I had below question on above design

  • Is there any more robust way of doing it ?
  • Can I read from and write to same S3 location and skip step no. 2.
QuickSilver
  • 3,915
  • 2
  • 13
  • 29
  • Are the files all in a single directory, day partitions, something else? – Andrew May 01 '20 at 17:08
  • all json files are in single directory – QuickSilver May 01 '20 at 17:31
  • check the answer hope that helps. saving intermediate thing to local disk is no more needed unless its audit requirement. – Ram Ghadiyaram May 01 '20 at 17:54
  • You can if you use s3a file system access. https://hadoop.apache.org/docs/current/hadoop-aws/tools/hadoop-aws/index.html – Nikhil May 01 '20 at 18:03
  • sure @RamGhadiyaram – QuickSilver May 01 '20 at 18:25
  • @Nikhil Already doing it but how does it changes any of the steps which I have mentioned ? – QuickSilver May 01 '20 at 18:26
  • @QuickSilver Not sure which set of steps you are talking about. I thought it was the second set where you mention about saving the consolidated JSON file to the local disk. Instead, you can read all JSON files > union > (save to JSON with coalescing into a single file & save to Parquet) – Nikhil May 01 '20 at 19:19

2 Answers2

1

yes its possible to skip #2. Writing in to same location can be done with SaveMode.Overwrite the same location where you read from.

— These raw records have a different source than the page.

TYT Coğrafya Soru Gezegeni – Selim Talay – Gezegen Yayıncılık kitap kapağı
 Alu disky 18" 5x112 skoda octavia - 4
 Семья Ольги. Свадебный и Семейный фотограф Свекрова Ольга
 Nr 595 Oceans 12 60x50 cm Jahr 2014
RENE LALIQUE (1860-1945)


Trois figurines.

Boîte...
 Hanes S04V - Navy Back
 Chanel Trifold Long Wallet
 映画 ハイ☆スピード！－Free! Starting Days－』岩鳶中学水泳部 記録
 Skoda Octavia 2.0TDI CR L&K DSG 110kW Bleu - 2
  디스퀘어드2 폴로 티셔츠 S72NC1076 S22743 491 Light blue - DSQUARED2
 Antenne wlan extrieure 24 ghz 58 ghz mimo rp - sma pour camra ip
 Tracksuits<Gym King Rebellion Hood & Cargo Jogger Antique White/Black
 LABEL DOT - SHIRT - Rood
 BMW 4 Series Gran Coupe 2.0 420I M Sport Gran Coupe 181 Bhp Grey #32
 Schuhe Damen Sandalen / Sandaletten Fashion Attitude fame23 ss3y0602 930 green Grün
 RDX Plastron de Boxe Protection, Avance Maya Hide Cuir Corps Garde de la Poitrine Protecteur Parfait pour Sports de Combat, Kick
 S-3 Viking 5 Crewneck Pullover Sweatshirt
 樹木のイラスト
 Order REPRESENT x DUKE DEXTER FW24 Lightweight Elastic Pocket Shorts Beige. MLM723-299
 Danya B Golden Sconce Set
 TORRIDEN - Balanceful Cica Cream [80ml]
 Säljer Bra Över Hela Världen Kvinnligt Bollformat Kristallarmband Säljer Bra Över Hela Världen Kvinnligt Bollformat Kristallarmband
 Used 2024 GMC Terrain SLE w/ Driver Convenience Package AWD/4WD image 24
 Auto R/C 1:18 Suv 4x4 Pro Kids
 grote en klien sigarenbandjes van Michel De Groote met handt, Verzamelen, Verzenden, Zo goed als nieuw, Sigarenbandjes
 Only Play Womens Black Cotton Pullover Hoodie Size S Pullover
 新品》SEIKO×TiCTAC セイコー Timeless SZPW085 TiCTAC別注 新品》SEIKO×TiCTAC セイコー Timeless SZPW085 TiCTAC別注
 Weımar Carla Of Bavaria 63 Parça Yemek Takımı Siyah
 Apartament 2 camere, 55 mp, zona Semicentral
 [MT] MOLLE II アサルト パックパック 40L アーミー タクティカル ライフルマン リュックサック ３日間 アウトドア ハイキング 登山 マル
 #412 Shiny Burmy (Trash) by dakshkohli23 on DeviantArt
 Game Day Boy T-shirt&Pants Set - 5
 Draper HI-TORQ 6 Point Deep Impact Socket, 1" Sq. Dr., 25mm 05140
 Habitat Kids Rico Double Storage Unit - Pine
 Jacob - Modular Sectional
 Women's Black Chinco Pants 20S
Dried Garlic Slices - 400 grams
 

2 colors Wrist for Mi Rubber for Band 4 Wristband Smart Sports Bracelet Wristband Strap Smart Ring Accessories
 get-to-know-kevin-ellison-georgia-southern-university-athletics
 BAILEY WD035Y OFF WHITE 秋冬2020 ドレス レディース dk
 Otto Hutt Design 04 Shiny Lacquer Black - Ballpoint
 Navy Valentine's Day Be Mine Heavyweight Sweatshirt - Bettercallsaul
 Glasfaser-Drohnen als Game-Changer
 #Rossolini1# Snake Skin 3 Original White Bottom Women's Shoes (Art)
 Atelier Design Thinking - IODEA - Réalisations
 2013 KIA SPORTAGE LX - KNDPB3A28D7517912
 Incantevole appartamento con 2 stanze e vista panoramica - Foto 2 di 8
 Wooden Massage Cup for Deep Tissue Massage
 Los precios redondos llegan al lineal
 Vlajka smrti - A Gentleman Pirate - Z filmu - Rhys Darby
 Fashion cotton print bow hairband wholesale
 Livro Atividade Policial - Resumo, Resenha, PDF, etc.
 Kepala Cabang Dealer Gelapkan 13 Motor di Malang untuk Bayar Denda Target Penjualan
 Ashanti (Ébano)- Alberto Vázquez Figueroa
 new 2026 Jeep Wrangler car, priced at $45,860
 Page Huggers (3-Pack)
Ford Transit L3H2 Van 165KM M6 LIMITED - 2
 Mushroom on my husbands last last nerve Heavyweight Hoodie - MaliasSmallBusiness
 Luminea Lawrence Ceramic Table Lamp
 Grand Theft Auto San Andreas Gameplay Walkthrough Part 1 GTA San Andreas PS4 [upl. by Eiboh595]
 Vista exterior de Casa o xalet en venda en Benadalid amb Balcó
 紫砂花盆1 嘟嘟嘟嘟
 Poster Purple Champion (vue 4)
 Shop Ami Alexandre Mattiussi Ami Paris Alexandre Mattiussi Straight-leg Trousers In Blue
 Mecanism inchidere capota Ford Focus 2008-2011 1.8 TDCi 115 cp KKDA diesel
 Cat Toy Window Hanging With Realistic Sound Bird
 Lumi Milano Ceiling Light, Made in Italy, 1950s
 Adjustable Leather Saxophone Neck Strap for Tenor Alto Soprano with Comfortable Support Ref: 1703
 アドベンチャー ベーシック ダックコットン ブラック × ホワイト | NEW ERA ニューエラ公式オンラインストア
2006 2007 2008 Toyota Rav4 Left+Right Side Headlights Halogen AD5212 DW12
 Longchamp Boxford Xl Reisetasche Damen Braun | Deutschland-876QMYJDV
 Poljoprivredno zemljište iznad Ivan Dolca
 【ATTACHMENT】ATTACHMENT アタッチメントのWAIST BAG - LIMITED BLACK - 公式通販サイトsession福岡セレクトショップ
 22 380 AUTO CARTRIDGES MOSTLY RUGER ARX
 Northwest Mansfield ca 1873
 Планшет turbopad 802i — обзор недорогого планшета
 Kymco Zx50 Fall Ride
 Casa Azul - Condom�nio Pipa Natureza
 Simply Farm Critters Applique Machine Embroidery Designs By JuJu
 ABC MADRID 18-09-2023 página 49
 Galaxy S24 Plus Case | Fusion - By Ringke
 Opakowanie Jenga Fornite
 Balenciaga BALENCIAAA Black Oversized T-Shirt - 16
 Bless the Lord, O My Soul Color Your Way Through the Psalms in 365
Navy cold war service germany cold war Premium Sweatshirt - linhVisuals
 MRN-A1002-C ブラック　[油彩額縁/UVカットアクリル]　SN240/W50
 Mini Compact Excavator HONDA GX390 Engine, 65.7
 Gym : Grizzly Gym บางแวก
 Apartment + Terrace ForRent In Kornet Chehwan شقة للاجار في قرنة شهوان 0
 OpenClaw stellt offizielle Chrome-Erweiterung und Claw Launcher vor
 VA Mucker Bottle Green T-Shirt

when you first read the json i.e. #1 as dataframe it will be in memory if you do cache. after that you can do a clean up and combile all json in to one with union and store in parquet file in a single step. something like this example.
Case 1: all jsons are in different folders and you want them to store final dataframe as parquet in the same location where jsons are there...

val dfpath1 = spark.read.json("path1")
val dfpath2 =  spark.read.json("path2")
val dfpath3 =  spark.read.json("path3")

val df1 = cleanup1 function dfpath1 returns dataframe
val df2 = cleanup2 function dfpath2 returns dataframe
val df3 = cleanup3 function dfpath3 returns dataframe

val dfs = Seq(df1, df2, df3)
val finaldf = dfs.reduce(_ union _) // you should have same schema while doing union..

 
  finaldf.write.mode(SaveMode.Overwrite).parquet("final_file with samelocations json.parquet")

Case 2: all jsons are in same folders and you want them to store final dataframe as multiple parquet in the same root location where jsons are there...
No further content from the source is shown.